◆ RECORDS ◆
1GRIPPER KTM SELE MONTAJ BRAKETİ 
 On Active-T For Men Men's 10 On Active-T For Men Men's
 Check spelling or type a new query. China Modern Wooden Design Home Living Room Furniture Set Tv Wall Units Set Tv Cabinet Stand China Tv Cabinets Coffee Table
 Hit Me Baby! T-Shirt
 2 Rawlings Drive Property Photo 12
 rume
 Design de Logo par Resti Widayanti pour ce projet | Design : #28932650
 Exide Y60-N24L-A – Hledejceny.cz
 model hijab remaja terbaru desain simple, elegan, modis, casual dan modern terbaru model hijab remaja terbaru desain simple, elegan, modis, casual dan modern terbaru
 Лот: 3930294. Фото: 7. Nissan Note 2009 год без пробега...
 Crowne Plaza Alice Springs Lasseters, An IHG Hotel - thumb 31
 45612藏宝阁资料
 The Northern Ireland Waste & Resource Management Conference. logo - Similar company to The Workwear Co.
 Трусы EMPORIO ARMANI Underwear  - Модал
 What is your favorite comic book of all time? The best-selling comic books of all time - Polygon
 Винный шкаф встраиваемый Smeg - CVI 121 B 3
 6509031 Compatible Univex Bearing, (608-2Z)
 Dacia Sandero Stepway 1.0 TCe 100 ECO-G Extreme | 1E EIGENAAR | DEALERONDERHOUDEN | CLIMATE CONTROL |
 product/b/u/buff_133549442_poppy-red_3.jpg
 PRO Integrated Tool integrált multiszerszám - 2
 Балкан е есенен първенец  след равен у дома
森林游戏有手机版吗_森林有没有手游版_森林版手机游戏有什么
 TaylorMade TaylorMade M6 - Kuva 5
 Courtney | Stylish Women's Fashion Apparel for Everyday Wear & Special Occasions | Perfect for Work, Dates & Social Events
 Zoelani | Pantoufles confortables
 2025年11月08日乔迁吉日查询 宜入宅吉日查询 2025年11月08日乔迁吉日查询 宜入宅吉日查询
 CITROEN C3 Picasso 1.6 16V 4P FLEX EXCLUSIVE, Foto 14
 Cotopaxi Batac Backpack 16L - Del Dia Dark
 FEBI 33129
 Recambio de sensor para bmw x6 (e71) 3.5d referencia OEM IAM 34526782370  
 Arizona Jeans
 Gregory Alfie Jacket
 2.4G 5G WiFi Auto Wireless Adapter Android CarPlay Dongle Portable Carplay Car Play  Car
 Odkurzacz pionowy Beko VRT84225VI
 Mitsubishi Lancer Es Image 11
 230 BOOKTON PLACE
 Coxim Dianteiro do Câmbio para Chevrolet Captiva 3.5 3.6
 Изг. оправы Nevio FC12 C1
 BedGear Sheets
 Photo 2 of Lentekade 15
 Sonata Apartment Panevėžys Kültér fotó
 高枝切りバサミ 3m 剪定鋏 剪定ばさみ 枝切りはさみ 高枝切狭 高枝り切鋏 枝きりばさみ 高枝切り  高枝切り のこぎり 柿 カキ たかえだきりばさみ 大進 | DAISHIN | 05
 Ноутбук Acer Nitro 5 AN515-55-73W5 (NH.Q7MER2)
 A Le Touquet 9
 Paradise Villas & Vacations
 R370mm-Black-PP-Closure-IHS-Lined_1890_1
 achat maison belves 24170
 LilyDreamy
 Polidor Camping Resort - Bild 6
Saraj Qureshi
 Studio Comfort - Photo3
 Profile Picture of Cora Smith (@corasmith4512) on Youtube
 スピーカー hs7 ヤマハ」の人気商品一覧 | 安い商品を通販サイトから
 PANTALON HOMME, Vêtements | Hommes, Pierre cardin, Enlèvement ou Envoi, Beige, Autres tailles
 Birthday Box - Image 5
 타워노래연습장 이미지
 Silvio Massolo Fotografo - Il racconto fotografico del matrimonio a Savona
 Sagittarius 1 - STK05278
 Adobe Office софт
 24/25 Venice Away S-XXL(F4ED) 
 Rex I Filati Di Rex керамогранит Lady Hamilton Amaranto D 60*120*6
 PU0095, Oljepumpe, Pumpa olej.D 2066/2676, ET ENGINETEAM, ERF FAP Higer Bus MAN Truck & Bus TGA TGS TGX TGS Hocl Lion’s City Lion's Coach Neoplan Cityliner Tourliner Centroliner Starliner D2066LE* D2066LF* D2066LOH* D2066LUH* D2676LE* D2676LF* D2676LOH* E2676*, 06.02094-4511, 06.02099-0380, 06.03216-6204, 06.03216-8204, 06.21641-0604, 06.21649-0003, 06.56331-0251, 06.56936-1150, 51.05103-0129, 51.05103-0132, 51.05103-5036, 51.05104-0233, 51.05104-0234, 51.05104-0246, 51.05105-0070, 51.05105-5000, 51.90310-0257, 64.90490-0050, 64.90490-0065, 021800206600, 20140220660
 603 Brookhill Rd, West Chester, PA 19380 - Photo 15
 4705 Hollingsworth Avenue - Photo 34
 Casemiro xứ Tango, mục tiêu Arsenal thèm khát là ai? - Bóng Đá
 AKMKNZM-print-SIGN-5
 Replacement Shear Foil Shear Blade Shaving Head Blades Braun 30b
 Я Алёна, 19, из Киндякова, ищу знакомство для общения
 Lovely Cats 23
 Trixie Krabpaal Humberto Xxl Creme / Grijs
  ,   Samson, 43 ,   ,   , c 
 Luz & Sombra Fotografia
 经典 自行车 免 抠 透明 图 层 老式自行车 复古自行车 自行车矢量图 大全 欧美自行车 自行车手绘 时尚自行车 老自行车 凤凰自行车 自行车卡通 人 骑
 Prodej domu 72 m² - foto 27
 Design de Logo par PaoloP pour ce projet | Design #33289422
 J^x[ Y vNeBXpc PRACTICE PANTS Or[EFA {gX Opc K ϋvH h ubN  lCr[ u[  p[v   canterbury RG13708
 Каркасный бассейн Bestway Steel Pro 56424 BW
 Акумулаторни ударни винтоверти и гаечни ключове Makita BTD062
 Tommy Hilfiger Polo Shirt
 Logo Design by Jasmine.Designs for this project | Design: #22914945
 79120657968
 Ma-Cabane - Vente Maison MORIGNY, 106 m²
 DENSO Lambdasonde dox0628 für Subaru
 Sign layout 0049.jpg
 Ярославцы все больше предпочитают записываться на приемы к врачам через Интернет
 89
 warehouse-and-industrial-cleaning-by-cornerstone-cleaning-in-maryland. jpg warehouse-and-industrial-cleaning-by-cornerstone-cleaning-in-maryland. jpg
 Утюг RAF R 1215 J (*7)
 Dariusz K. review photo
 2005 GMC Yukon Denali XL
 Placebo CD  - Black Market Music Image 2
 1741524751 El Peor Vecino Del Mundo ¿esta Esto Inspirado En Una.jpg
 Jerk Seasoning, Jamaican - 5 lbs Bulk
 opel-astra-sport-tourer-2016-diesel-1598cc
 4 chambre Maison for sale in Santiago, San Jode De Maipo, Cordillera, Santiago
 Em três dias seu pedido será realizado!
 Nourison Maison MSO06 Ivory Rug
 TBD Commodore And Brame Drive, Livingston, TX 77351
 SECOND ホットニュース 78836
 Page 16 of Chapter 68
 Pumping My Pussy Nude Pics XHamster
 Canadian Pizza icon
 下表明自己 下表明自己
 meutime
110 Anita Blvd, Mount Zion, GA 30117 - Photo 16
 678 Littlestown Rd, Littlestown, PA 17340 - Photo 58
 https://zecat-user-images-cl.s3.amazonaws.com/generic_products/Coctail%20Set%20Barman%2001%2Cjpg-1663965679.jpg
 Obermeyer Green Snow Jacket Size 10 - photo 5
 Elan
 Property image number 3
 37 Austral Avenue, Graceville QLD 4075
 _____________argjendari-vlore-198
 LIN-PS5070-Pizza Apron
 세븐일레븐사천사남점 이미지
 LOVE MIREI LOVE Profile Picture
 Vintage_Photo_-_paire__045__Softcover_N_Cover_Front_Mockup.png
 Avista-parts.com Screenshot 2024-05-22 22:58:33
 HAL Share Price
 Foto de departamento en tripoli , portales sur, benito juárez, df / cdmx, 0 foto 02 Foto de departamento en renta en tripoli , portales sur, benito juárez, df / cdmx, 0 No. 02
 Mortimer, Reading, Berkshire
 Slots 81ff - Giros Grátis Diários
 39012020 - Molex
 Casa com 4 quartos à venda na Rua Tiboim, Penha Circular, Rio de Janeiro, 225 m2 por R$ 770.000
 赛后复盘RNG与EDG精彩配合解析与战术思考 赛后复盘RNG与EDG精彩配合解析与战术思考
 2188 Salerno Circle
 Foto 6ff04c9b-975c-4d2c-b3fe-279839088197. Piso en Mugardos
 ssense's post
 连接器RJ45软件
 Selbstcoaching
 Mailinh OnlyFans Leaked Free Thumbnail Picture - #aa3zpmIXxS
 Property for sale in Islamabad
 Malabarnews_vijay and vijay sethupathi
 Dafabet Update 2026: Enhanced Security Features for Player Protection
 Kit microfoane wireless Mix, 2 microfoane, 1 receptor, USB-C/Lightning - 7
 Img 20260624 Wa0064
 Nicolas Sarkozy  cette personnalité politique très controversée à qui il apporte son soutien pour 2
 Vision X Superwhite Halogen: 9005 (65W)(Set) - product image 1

◆ YOUR TASK ◆
Looking at the records above, return exactly the lines from the line with "Property image number 3" to the line with "Img 20260624 Wa0064", both ends included.

◆ ANSWER TO THE EXERCISE ◆
 Property image number 3
 37 Austral Avenue, Graceville QLD 4075
 _____________argjendari-vlore-198
 LIN-PS5070-Pizza Apron
 세븐일레븐사천사남점 이미지
 LOVE MIREI LOVE Profile Picture
 Vintage_Photo_-_paire__045__Softcover_N_Cover_Front_Mockup.png
 Avista-parts.com Screenshot 2024-05-22 22:58:33
 HAL Share Price
 Foto de departamento en tripoli , portales sur, benito juárez, df / cdmx, 0 foto 02 Foto de departamento en renta en tripoli , portales sur, benito juárez, df / cdmx, 0 No. 02
 Mortimer, Reading, Berkshire
 Slots 81ff - Giros Grátis Diários
 39012020 - Molex
 Casa com 4 quartos à venda na Rua Tiboim, Penha Circular, Rio de Janeiro, 225 m2 por R$ 770.000
 赛后复盘RNG与EDG精彩配合解析与战术思考 赛后复盘RNG与EDG精彩配合解析与战术思考
 2188 Salerno Circle
 Foto 6ff04c9b-975c-4d2c-b3fe-279839088197. Piso en Mugardos
 ssense's post
 连接器RJ45软件
 Selbstcoaching
 Mailinh OnlyFans Leaked Free Thumbnail Picture - #aa3zpmIXxS
 Property for sale in Islamabad
 Malabarnews_vijay and vijay sethupathi
 Dafabet Update 2026: Enhanced Security Features for Player Protection
 Kit microfoane wireless Mix, 2 microfoane, 1 receptor, USB-C/Lightning - 7
 Img 20260624 Wa0064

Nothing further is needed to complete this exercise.